Vague de condamnations après la fusillade de deux journalistes palestiniens par les forces israéliennes

  • Les États-Unis qualifient ce meurtre d’«affront à la liberté des médias»
  • L’armée israélienne a d’abord tenté de semer le doute sur les auteurs du meurtre de la journaliste

RAMALLAH: Mercredi, après le meurtre d’une journaliste américano-palestinienne chevronnée en Cisjordanie occupée, Israël a fait face à une vague d’indignation internationale et à des demandes d’enquête indépendante.
Le secrétaire général de l’ONU, António Guterres, s’est dit «consterné» par le meurtre, mercredi, de Shireen Abu Akleh, journaliste d’Al-Jazeera, et a appelé «les autorités compétentes à mener une enquête indépendante et transparente sur cet incident et à veiller à ce que les auteurs soient tenus pour responsables».
Shireen Abu Akleh, 51 ans, est morte après avoir reçu une balle dans la tête alors qu'elle couvrait une opération de l’armée israélienne dans les environs du camp de réfugiés de Jénine.

Des enfants palestiniens portent des bougies et des photos de Shireen Abu Akleh, journaliste d’Al-Jazeera tuée dans la ville de Gaza, le 11 mai 2022 (Photo AP).


Son producteur, le journaliste palestinien Ali Samoudi, a été hospitalisé après avoir reçu une balle dans le dos.
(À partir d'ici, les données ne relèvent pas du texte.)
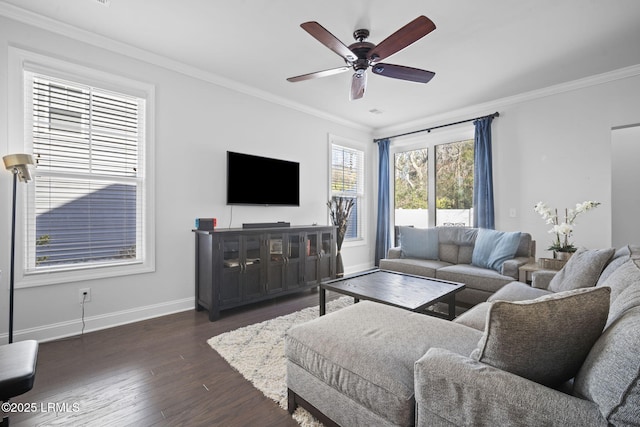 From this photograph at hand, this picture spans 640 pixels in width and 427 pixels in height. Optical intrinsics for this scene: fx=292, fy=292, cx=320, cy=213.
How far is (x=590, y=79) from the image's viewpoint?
3.52 meters

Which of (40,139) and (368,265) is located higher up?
(40,139)

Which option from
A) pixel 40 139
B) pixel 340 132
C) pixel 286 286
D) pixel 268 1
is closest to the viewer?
pixel 268 1

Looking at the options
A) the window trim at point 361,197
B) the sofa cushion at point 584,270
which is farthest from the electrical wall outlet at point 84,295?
the sofa cushion at point 584,270

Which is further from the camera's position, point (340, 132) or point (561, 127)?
point (340, 132)

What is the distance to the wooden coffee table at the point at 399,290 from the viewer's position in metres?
2.23

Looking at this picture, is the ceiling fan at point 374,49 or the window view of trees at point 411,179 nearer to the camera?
the ceiling fan at point 374,49

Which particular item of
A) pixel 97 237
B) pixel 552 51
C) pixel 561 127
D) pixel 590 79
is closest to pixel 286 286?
pixel 97 237

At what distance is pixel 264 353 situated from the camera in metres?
2.29

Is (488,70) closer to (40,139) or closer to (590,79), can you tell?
(590,79)

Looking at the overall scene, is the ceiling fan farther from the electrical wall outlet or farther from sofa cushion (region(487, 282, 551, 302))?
the electrical wall outlet

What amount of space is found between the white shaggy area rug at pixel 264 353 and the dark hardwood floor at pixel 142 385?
0.17 feet

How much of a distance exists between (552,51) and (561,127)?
4.07ft

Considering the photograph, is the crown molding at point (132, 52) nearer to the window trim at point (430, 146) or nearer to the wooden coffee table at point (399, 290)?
the window trim at point (430, 146)

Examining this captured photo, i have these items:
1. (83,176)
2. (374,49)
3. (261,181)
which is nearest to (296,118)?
(261,181) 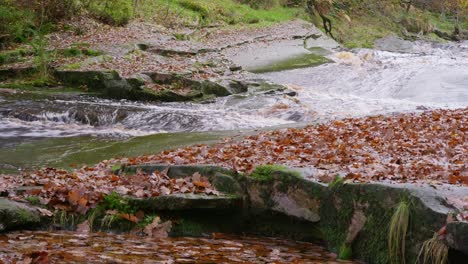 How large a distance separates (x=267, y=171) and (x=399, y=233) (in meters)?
1.77

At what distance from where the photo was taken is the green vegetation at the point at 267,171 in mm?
5400

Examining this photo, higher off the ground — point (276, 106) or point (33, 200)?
point (33, 200)

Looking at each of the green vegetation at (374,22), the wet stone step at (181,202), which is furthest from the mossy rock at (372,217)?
the green vegetation at (374,22)

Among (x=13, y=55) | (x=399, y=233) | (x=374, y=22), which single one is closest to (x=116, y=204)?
(x=399, y=233)

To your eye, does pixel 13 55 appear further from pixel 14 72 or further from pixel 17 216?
pixel 17 216

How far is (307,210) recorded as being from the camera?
507 cm

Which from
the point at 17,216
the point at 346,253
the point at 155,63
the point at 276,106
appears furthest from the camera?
the point at 155,63

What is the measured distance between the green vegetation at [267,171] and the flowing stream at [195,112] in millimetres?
4531

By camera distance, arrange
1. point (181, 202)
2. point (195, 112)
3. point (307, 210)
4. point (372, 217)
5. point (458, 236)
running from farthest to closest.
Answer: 1. point (195, 112)
2. point (181, 202)
3. point (307, 210)
4. point (372, 217)
5. point (458, 236)

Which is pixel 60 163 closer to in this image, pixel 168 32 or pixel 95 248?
pixel 95 248

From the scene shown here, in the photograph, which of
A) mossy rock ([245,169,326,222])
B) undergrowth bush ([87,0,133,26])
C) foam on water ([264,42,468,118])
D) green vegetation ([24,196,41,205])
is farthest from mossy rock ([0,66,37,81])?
mossy rock ([245,169,326,222])

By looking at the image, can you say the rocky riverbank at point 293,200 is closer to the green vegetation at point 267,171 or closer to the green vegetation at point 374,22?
the green vegetation at point 267,171

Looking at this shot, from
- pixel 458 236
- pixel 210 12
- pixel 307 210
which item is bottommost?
pixel 307 210

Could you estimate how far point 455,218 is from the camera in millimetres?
3764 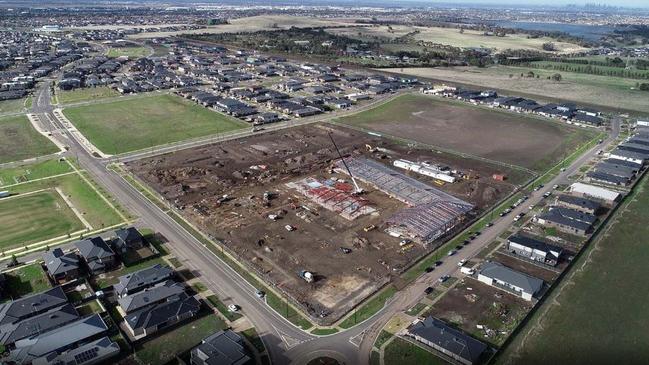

Son état était stable.
Dans un premier temps, Israël a imputé la responsabilité de la fusillade à des tireurs palestiniens. «Il semble probable que des Palestiniens armés, qui ont ouvert le feu sans discernement à ce moment, sont responsables de la mort malheureuse de la journaliste», a déclaré Bennett dans un communiqué.
Cependant, lorsque des témoins se sont manifestés et que des vidéos de l’incident ont été diffusées, Israël s’est ravisé. «À ce stade, nous ne pouvons pas déterminer qui a tiré sur elle et nous regrettons sa mort», a indiqué le chef de l’armée, le lieutenant-général Aviv Kochavi.
Abu Akleh, qui est née à Jérusalem mais qui détenait également la citoyenneté américaine, travaillait pour la chaîne Al-Jazeera au Qatar. Elle était un visage respecté et familier au Moyen-Orient, connue pour sa couverture des dures réalités de l’occupation militaire israélienne depuis qu’elle a rejoint la chaîne en 1997.
Samoudi, qui a survécu à ses blessures, raconte à Arab News qu’au moment de la fusillade, aucun tireur palestinien n’était présent dans la zone. Les journalistes étaient munis de leurs appareils photo et vêtis de gilets pare-balles sur lesquels le mot «presse» était apparent. Samoudi a précisé qu’il n’y avait aucun piéton dans la rue, ajoutant qu’il n’y a pas eu d’échange de tirs et qu’aucune pierre n’a même été lancée en direction des troupes.
Les soldats israéliens ont «soudainement ouvert le feu sur eux», ajoute-t-il. «Ils ne nous ont pas demandé de partir et ils ne nous ont pas demandé de nous arrêter. Ils ont tiré sur nous. Une balle m’a touché et une autre a touché Shireen. Ils l’ont tuée de sang-froid.»
De nombreuses vidéos qui ont circulé sur les réseaux sociaux montrent également l’absence de toute forme de violence précédant les tirs ayant visé les journalistes.

Des Palestiniens se heurtent aux forces de sécurité israéliennes lors d’une manifestation condamnant la mort de Shireen Abu Akleh à Jérusalem-Est (Photo, AFP)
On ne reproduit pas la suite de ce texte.